*YOUR TASK*
Only the stretch below from the line holding "Metal Asansör Anahtarlık" through the line holding "Анальная пробка NO" should be restated, word for word and with both ends included; pictures stay out.

*MATERIAL PROVIDED*
--------------------------------------------------
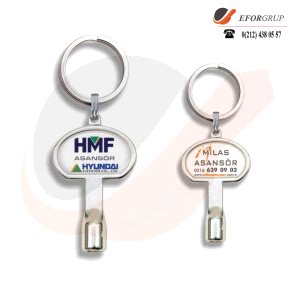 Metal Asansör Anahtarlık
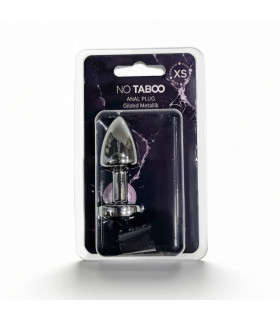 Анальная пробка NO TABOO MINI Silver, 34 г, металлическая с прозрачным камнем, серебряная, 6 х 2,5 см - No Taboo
--------------------------------------------------
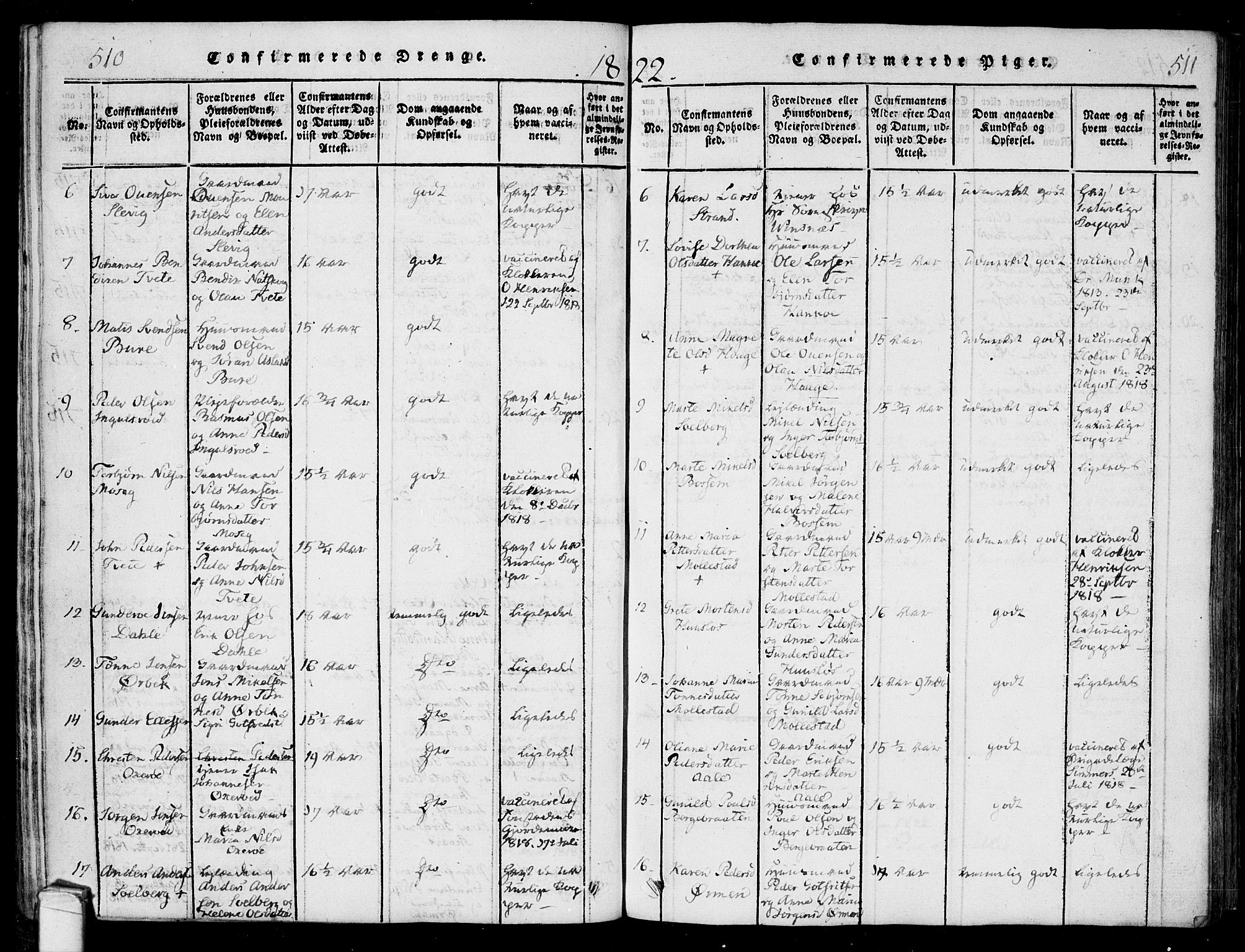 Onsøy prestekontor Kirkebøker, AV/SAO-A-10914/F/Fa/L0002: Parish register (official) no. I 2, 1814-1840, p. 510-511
--------------------------------------------------
*ANSWER*
 Metal Asansör Anahtarlık
 Анальная пробка NO TABOO MINI Silver, 34 г, металлическая с прозрачным камнем, серебряная, 6 х 2,5 см - No Taboo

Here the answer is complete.